Authors: Jonathan Winter*, Dartmouth College, Jose R. Lopez, University of Minnesota, Joshua Elliott, University of Chicago, Alex C. Ruane, NASA Goddard Institute for Space Studies, Cheryl Porter, University of Florida, Gerrit Hoogenboom, University of Florida, Martha Anderson, USDA Agricultural Research Service, Christopher Hain, NASA Marshall Space Flight Center
Topics: Agricultural Geography, Water Resources and Hydrology, Climatology and Meteorology
Keywords: Agriculture, Irrigation, Sustainability, Groundwater, United States
Session Type: Virtual Paper
Start / End Time: 8:00 AM / 9:15 AM
Room: Virtual 46
Presentation File: No File Uploaded
Irrigated farms account for 67% of total groundwater extraction in the United States and $118.5 billion of US agricultural production. However, the current rate of groundwater extraction is unsustainable, especially given historical and projected increases in agricultural water demand. Process-based crop models are able to assess the response of agricultural production to reduced water availability. However, irrigated agricultural projections that directly simulate the impacts of water supply on yield are few, and typically have simplistic representations of crop growth and irrigation such as unlimited water supply and fixed seasonal irrigation rules.

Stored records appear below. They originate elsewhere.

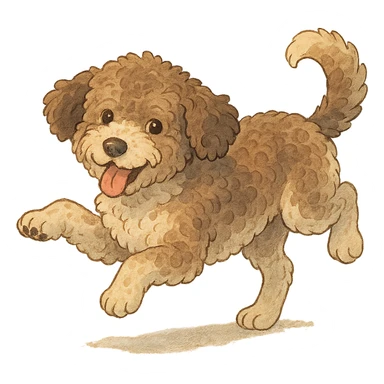 playful pose Lagotto Romagnolo dog, roan coat, gentle lighting, ghibli style sticker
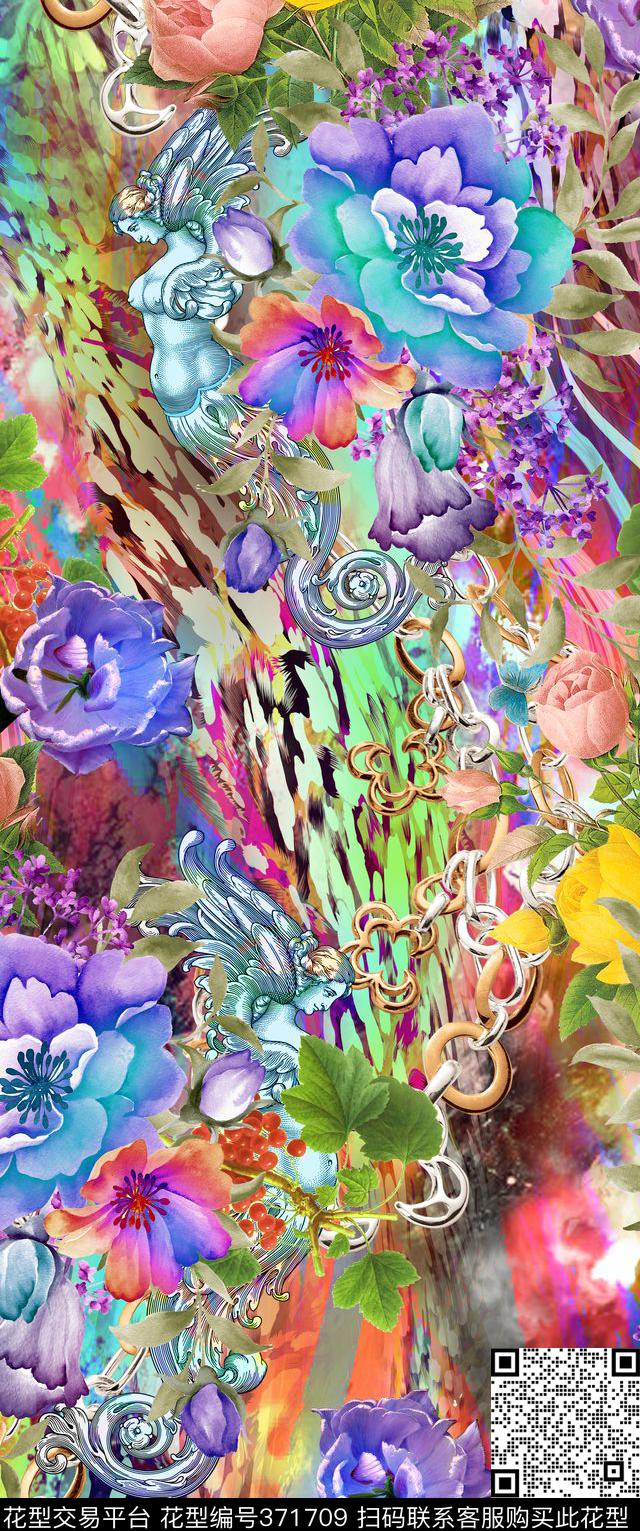 多彩项链花卉数码印花华亿平台下载（图片编号: 371709） - 瓦栏（Walan）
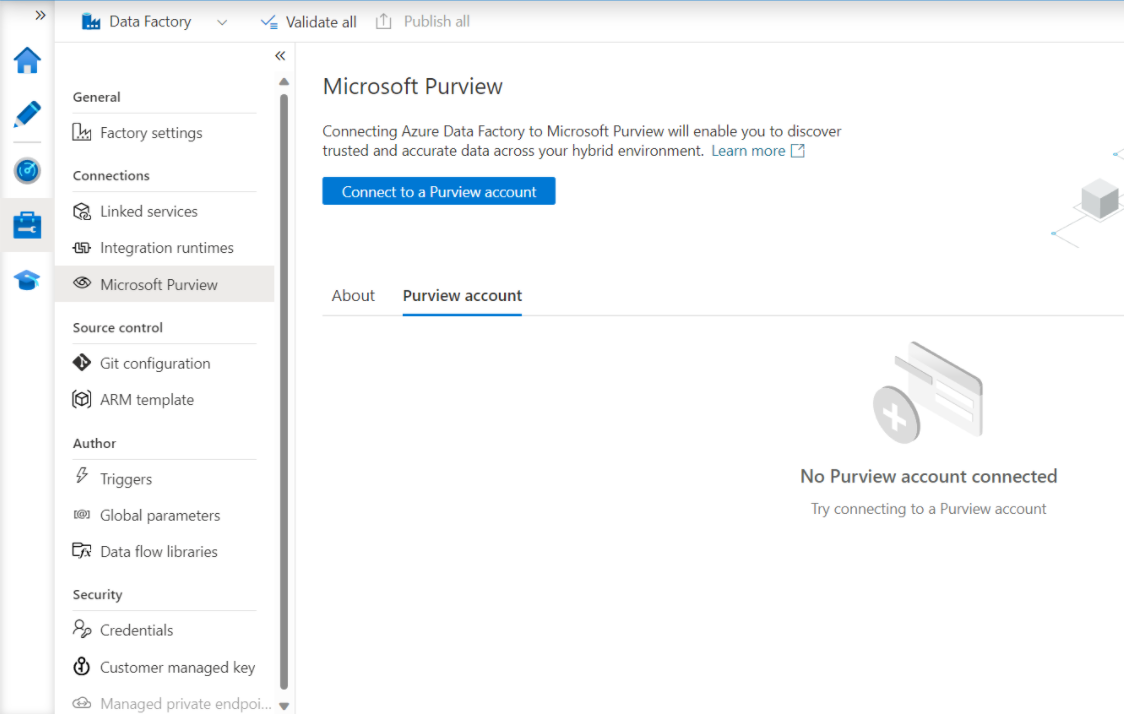 Screenshot per la registrazione di un account Microsoft Purview.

Here, we integrate a gridded crop model with satellite observations and water survey data to assess the effects of sustainable groundwater withdrawals on US agricultural production. Using the most optimistic assumptions for groundwater extraction, we find that sustainable groundwater use will decrease US irrigated production of maize, soybean, and winter wheat by 20%, 6%, and 25%, respectively. Using more conservative assumptions of groundwater availability, US irrigated production of maize, soybean, and winter wheat decrease by 45%, 37%, and 36%, respectively. These results demonstrate the vulnerability of US agricultural production to unsustainable groundwater pumping, highlighting the difficulty of expanding or even maintaining food production in the face of climate change, population growth, and shifting dietary demands.